▶ GOAL OF THE EXERCISE
Nothing but the text of the listing, repeated exactly, belongs in the answer; leave the images out.

▶ PROVIDED INFORMATION
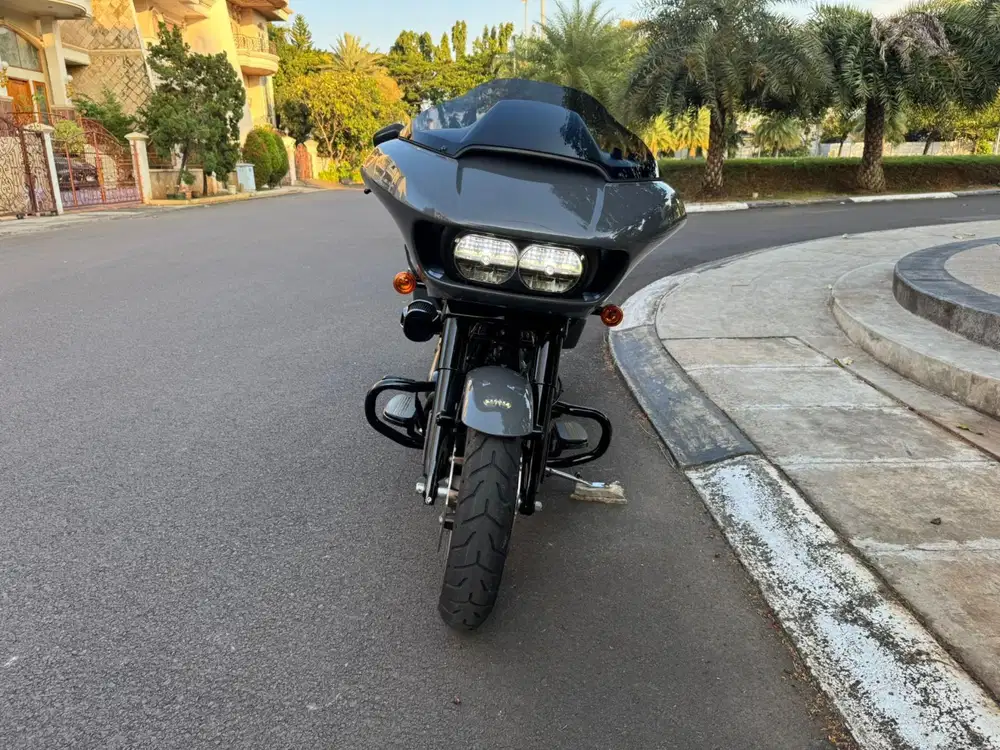 Harley Davidson *2022 Road Glide ST*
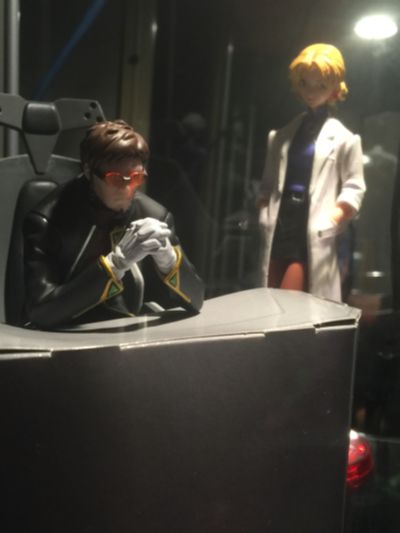 HG手办 EVA 碇ゲンドウ 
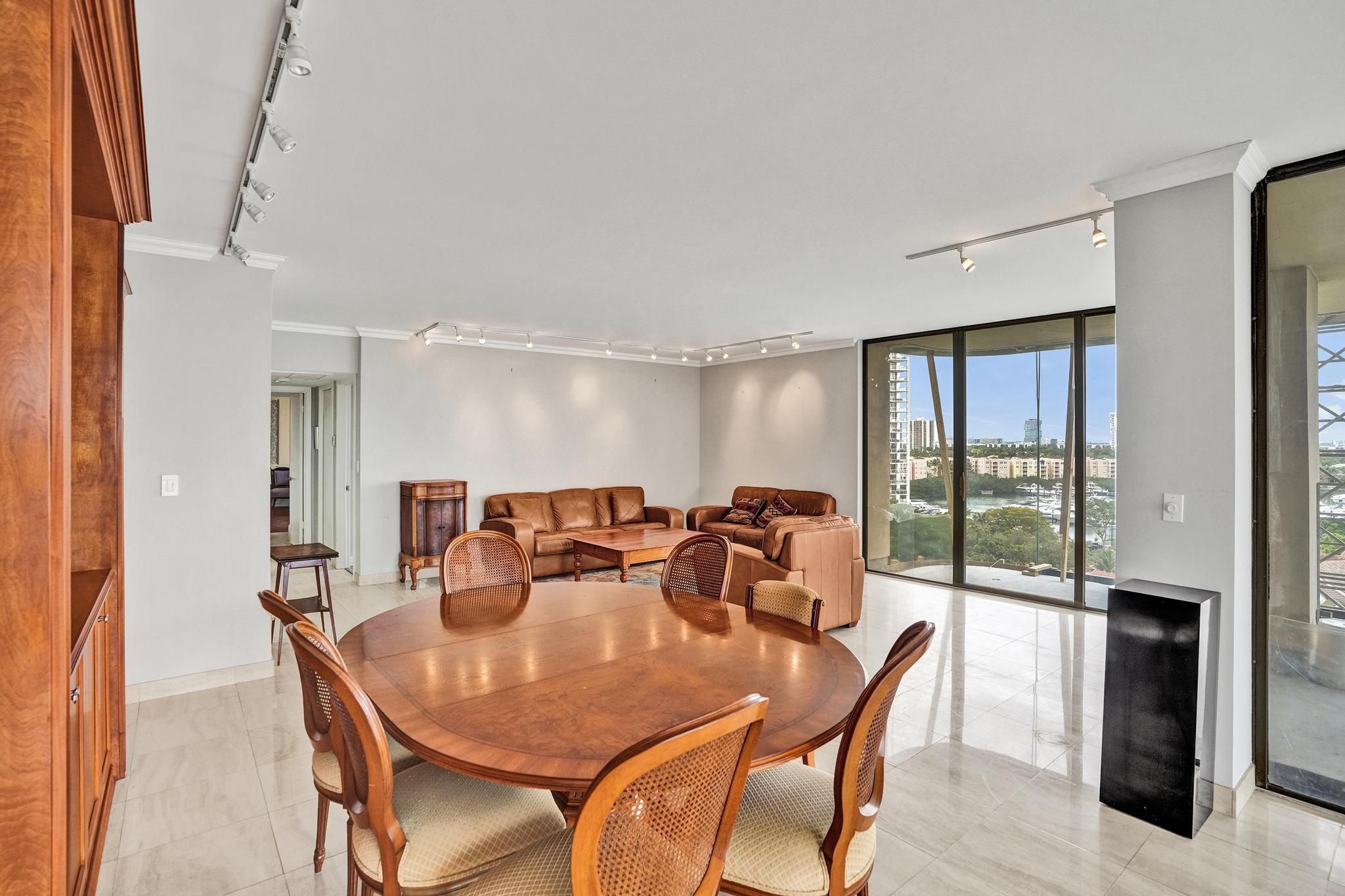 19355 Turnberry Way Aventura FL 33180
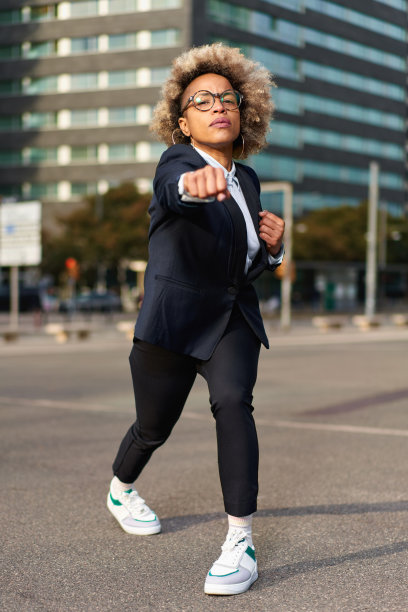 商业非裔美国女孩在战斗姿势的肖像。艰难的经营理念图片下载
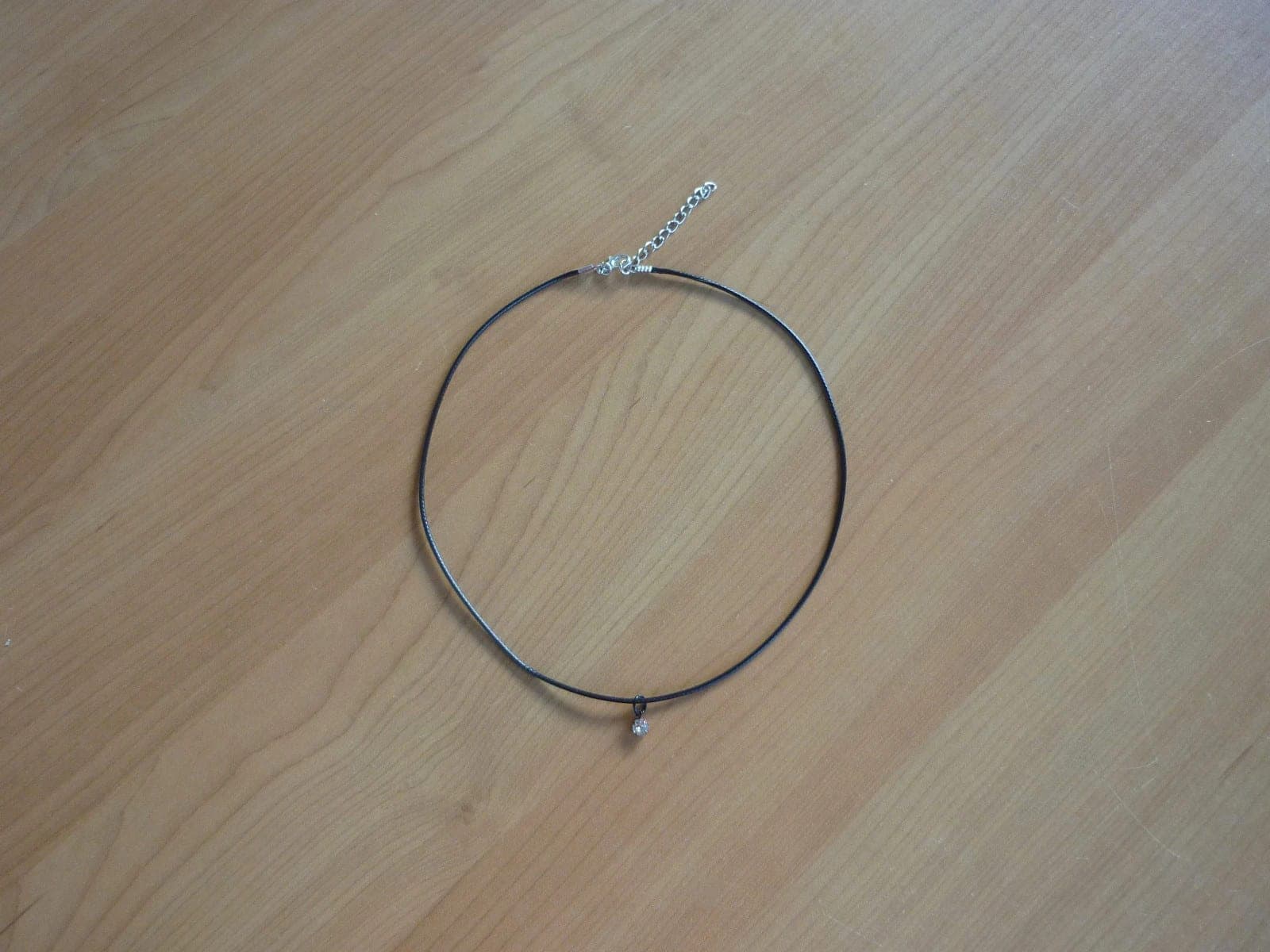 Zwarte touw ketting met witte strass steen hanger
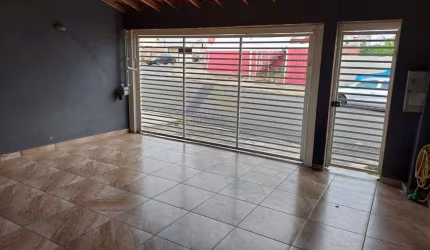 Casa para Venda em Salto, Residencial Parque Laguna, 2 dormitórios, 1 banheiro, 2 vagas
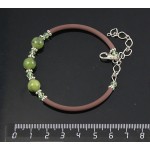 Браслет из нефрита (шарик 8мм) на струнке, 3 шарика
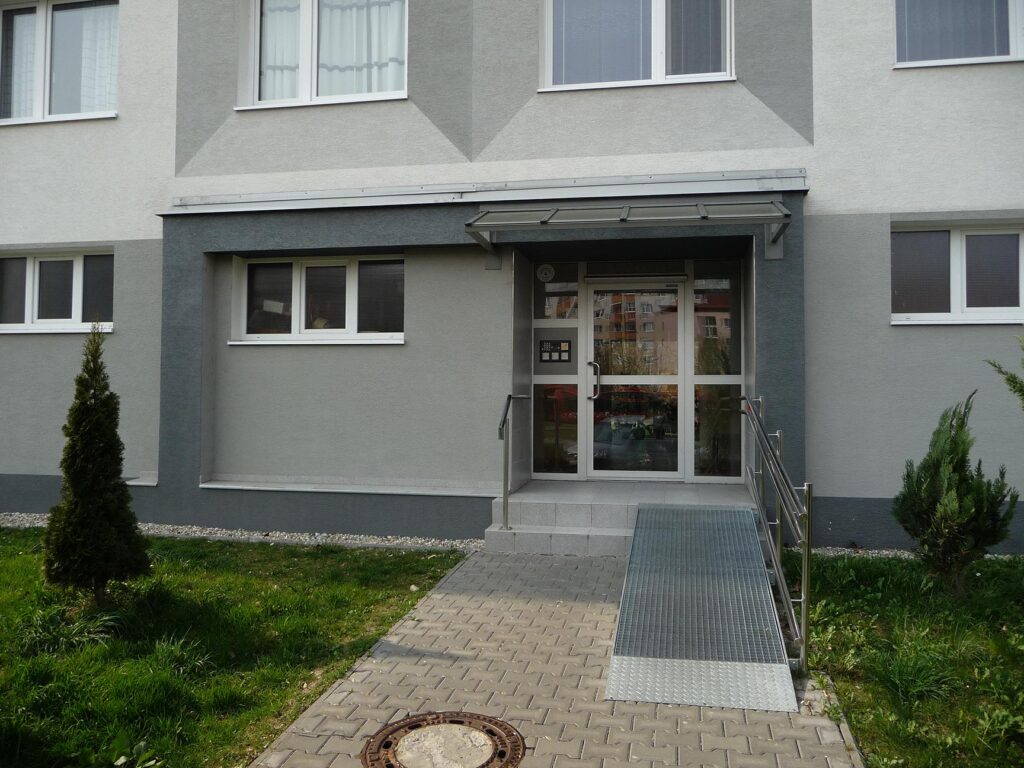 Striešky nad vstupmi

▶ WRITTEN ANSWER
 Harley Davidson *2022 Road Glide ST*
 HG手办 EVA 碇ゲンドウ 
 19355 Turnberry Way Aventura FL 33180
 商业非裔美国女孩在战斗姿势的肖像。艰难的经营理念图片下载
 Zwarte touw ketting met witte strass steen hanger
 Casa para Venda em Salto, Residencial Parque Laguna, 2 dormitórios, 1 banheiro, 2 vagas
 Браслет из нефрита (шарик 8мм) на струнке, 3 шарика
 Striešky nad vstupmi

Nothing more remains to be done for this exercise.